Afin de garantir l’efficacité des règles européennes et nationales pour les médias ainsi que l’indépendance éditoriale des médias en Europe, il ne faut pas que les exploitants de plateformes aient le droit d’exercer un contrôle quelconque sur les programmes des fournisseurs de services des médias ni d’y toucher une fois qu’ils sont disponibles sur ces plateformes. Le DSA doit s’assurer que les organismes des médias restent seuls responsables du contenu et des services qu’ils produisent. Puisque les fournisseurs de services des médias ont l’entière responsabilité éditoriale de leurs contenus, les exploitants des plateformes ne doivent être ni responsables ni justiciables par rapport aux contenus proposés par des fournisseurs de services des médias sur leurs plateformes.

Ceci est la clé de l’équilibre entre d’un côté la liberté d’exploiter des plateformes, de l’autre celle des fournisseurs de services de médias.

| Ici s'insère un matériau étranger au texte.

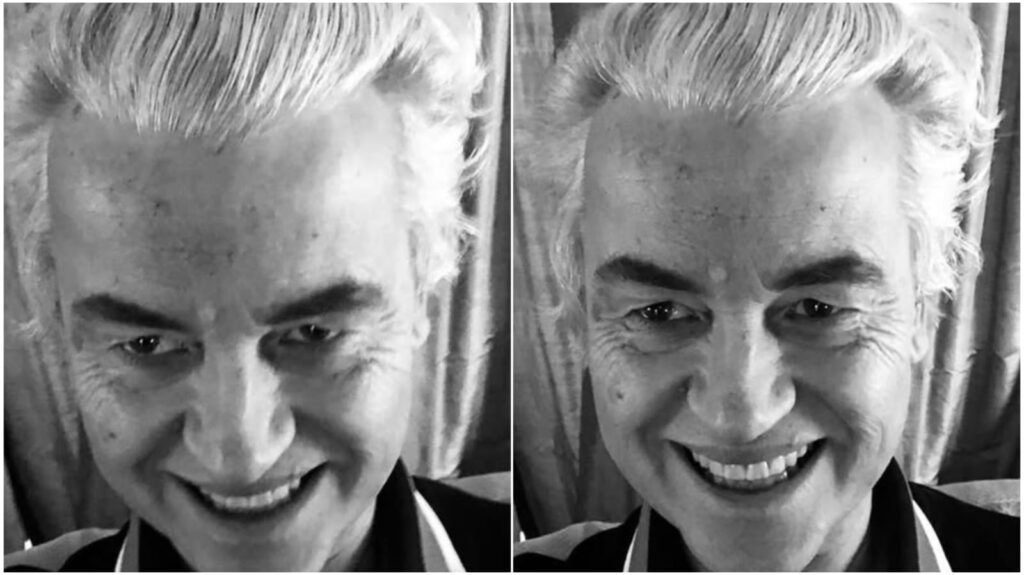 WhatsApp Image 2025 08 09 at 184409jpeg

A terme, il servira à cultiver la confiance du public au journalisme et aux médias en ligne.

Garantir l’attribution juste des contenus éditoriaux des médias

Lorsque le public accède aux contenus des médias à travers les réseaux sociaux, les agrégateurs de nouvelles ou des moteurs de recherche, il doit pouvoir facilement en identifier la responsabilité éditoriale. Si les plateformes n’attribuent pas un contenu à sa source ou procèdent à une attribution erronée de logos et de marques, elles privent le public d’un élément essentiel qui lui permet de juger les informations qu’il voit et entend. Le DSA doit obliger les plateformes – comme toute autre entreprise – à garantir que l’identité des médias (ex. leurs logos, marques) reste clairement visible.

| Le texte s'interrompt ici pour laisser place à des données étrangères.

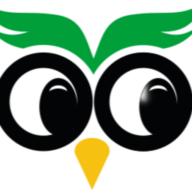 Logo Lynwood Vets Ltd.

Garantir l’application des lois nationales et européennes spécifiques au secteur 

Le DSA établit des normes harmonisées et transversales pour une grande gamme de plateformes en ligne. Ceci pourrait engendrer des chevauchements avec certaines lois nationales et européennes spécifiques au secteur et ainsi restreindre la compétence des états membres, de réguler des questions culturelles en rapport avec des fournisseurs de services intermédiaires. Il faut donc être clair que le DSA s’applique sans modifier les mesures existantes et futures qui s’appliquent au secteur, ainsi que celles qui servent à promouvoir la diversité culturelle et la liberté et la pluralité des médias en ligne.

Améliorer la transparence des recommandations des plateformes sur les contenus

Le DSA doit imposer des normes de transparence élevées sur tous les plateformes par rapport aux processus de prise de décision algorithmiques et aux recommandations sur les contenus. Il est essentiel que les organismes des médias et leurs utilisateurs puissent mieux comprendre comment les systèmes de recommandation sur les contenus affectent la visibilité, l’accessibilité et la disponibilité des contenus et services en ligne pour leur permettre d’ajuster leurs services en fonction. Comme les systèmes de recommandations sont habituellement utilisés par tous types de plateformes, les règles sur l’amélioration de la transparence doivent s’appliquer à tous les plateformes, pas uniquement aux plus importants.

Garantir l’application efficace et la surveillance.

Les autorités législatives nationales pour les médias jouent un rôle essentiel pour garantir la pluralité des médias et sauvegarder la liberté d’expression et de l’information. Les états membres doivent donc garantir que les autorités législatives nationales et les organismes pour les médias sont impliqués de manière adéquate dans l’application et la surveillance du DSA.